Stamp duty break to boost the housing market
Last Wednesday the Government unveiled a new stamp duty holiday taking effect immediately and running until 31st March next year. As soon as the chancellor made the announcement, we saw a rush of people looking at our property websites with requests to view following closely behind.
What does this mean for buyers? Previously, they would have paid stamp duty on homes sold for at least £125,000, or if they were first-time buyers, on properties sold for more than £300,000.
Chancellor Rishi Sunak has now raised this threshold to £500,000. This means that nine out of 10 people buying a main home between now and the end of March will pay no stamp duty at all, and the average stamp duty bill will fall by £4,500.
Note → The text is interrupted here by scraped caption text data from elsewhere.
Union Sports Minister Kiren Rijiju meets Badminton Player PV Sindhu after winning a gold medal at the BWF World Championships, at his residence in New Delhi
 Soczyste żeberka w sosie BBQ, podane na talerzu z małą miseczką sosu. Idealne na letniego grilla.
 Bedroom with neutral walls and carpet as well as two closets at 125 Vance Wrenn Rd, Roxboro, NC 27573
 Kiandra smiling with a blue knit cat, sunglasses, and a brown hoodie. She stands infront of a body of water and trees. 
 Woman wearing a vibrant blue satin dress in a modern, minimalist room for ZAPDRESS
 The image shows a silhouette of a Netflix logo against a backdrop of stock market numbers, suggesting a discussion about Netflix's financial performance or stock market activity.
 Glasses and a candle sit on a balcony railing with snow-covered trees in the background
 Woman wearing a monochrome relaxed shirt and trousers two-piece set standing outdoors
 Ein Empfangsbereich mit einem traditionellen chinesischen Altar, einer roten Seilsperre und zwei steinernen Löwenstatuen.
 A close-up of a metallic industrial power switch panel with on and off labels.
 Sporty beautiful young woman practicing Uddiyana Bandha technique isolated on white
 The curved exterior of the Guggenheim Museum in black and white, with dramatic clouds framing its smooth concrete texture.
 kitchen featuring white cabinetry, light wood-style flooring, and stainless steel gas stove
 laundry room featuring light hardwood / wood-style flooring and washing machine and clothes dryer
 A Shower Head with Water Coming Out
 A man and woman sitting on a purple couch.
Property website Rightmove have provided some statistics to help put the chancellor’s comments into context: There are over 510,000 properties that are under £500,000 on the portal in total, making up 81% of all properties for sale in England. Over 291,000 properties under £500,000 are currently available for sale on Rightmove, making up 78% of all properties available for sale in England – this means those have not yet found a buyer. Their chances and opportunities must therefore considerably increase.
Rightmove’s spokesman Miles Shipside said: “This move will help to keep the nation and wider economy moving because keeping the current momentum going will help prevent destabilising falls in property prices as unemployment grows and enable a quicker economic recovery.”
He continued: “Lockdown prevented 175,000 would be sellers from coming to market so we hope this Stamp Duty holiday will provide the spur for those missing movers to come to market. They will find there’s currently record demand for their properties from prospective buyers, with Rightmove enquiries to agents now double what they were before lockdown.”
Even before the stamp duty holiday kicked in there were strong signs the English property market was bouncing back. Since the government re-opened the property market last month, house-hunters have sprung into action and the country is on the move again. There are 40,000 new sales reported to have been agreed since the market resumed on 13th May, with buyers agreeing to pay 97.7% of asking prices on average.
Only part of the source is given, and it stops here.